Did the Trees Grow Fast in the Garden of Eden?



Question: David said, “Couldn’t God have caused all the trees in the garden of Eden to grow supernaturally fast, like he did with Jonah’s gourd.”

Answer: God created the laws of physics and biology so dispensing with them when there’s some work to be done seems unlikely. Genesis gives us three pieces of information that will help us answer your question.

Firstly: “The LORD God planted a garden eastward in Eden” (Gen 2:8). Planting a garden is different to saying “Let the land produce vegetation” (Gen 1:11). Planting requires some work: creating the right size hole then skilfully housing a sapling in the soil. “Planting” means to take something that already exists and plant it in a certain spot. Some tending is required as the plant grows. Genesis chapter 2 could have used the same words as Genesis chapter 1 to describe the growth of the garden but it didn’t. In other words, we need to take note.

Secondly: The Hebrew word for “garden” is “gan”, which as Strong’s Concordance points out is an “enclosure”. When we read through Genesis 1 and into Genesis 2 we are moving from the Palaeolithic period into the Neolithic era. Trees had been created a long time before we get to the period that Genesis 2 is describing. The garden that God planted was “an enclosure.” The Latin word is “paradisum” a word borrowed from the Persian language, and meaning “a park-like enclosure.” This is where we get the word “paradise” from.

Thirdly: There’s some question whether the Lord caused Jonah’s gourd to grow fast.

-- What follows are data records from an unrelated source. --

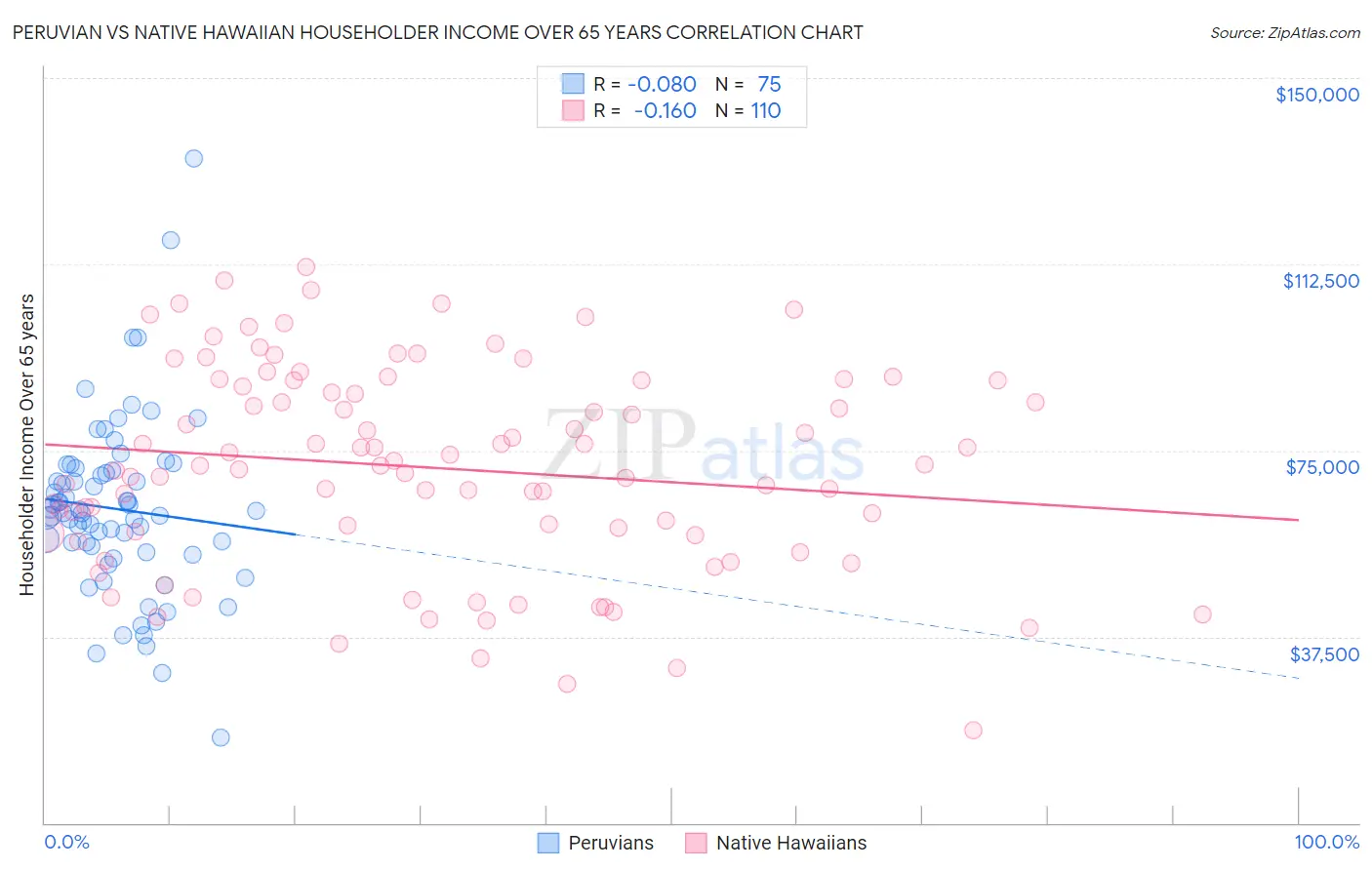 Peruvian vs Native Hawaiian Householder Income Over 65 years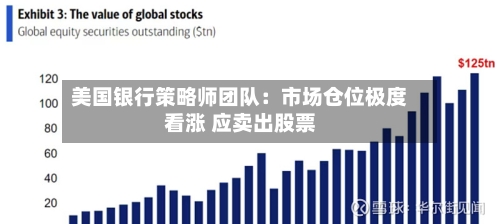 美国银行策略师团队：市场仓位极度看涨 应卖出股票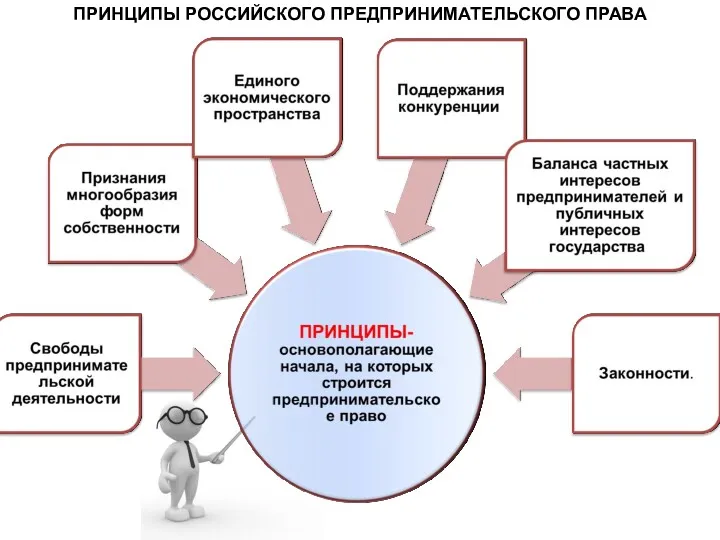 ПРИНЦИПЫ РОССИЙСКОГО ПРЕДПРИНИМАТЕЛЬСКОГО ПРАВА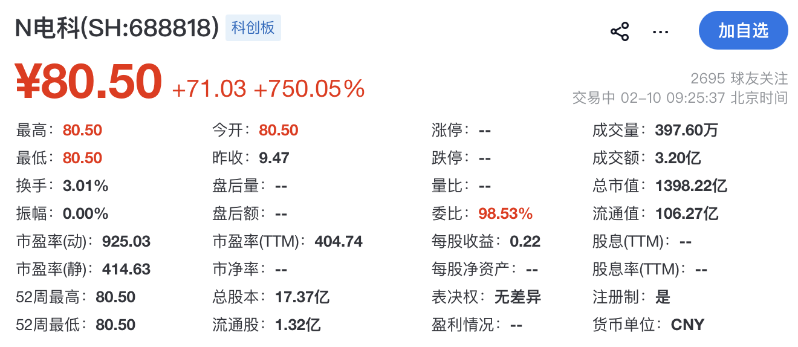 电科蓝天 电科蓝天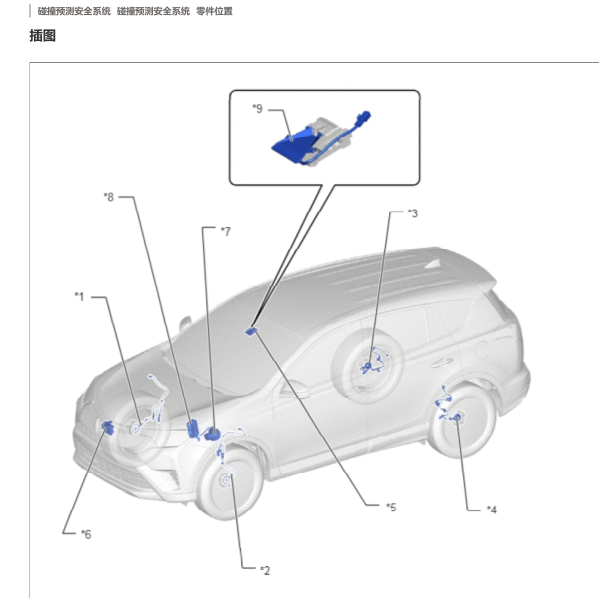 18年丰田RAV4预碰撞系统部件位置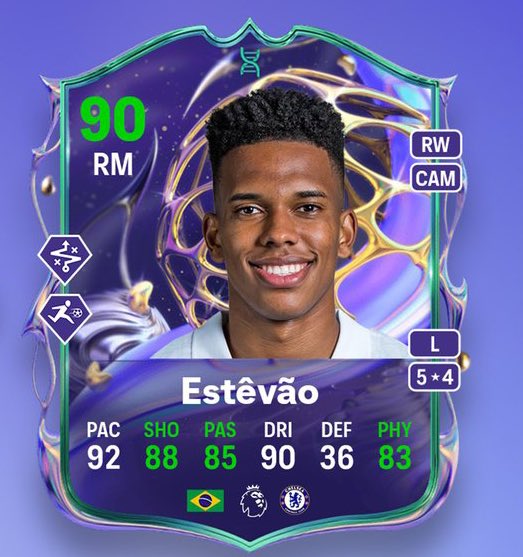 FUT Rory tweet media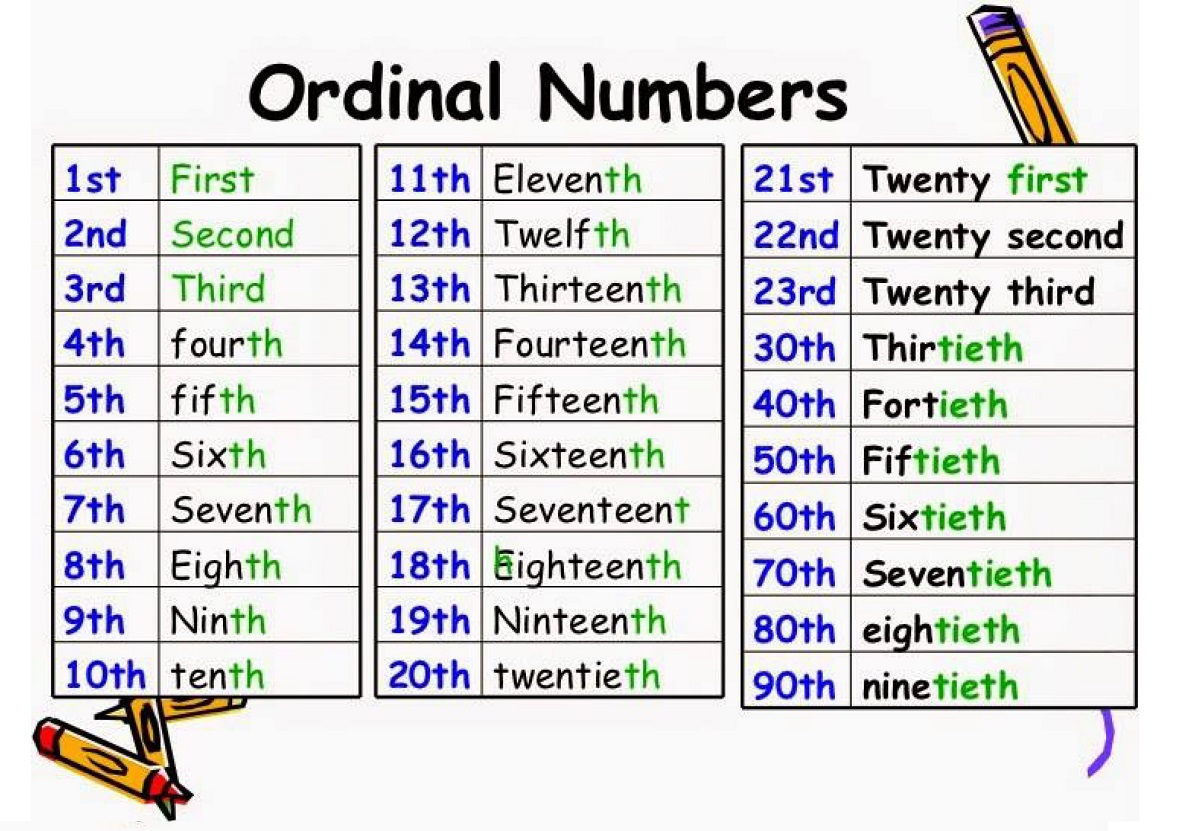 Ordinal Numbers in English Gallery 1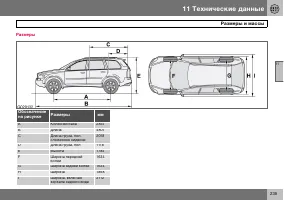 Страница 236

Here’s what Jonah 4:5-6 says,

“Jonah went out of the city, and sat on the east side of the city, and there made him a booth, and sat under it in the shadow, till he might see what would become of the city. And the LORD God prepared a gourd, and made it to come up over Jonah, that it might be a shadow over his head.”

Notice that Jonah was already sitting under the shade, the gourd seems to be what Jonah made the shade from. When the swarm of caterpillars quickly destroyed the shade the Lord used it as an example: Jonah had made a shade – God had made the 120,000 people who lived in Nineveh.

“Then said the LORD, Thou hast had pity on the gourd, for the which thou hast not laboured, neither madest it grow; which came up in a night, and perished in a night… should I not have concern for the great city of Nineveh, in which there are more than a hundred and twenty thousand people” (Jonah 4:10-11).

Let’s be careful about the phrase “which came up in a night and perished in a night.” The phrase doesn’t necessarily mean consecutive nights. This seems to be a lesson from nature some plants can spring up quickly (like people) but can disappear quickly too, (like people). The Psalms use a similar figure of speech: “In the morning it flourisheth, and groweth up; in the evening it is cut down, and withereth. (Ps 90:6).

So the answer to the question did the trees in the garden of Eden grow supernaturally fast is most likely no.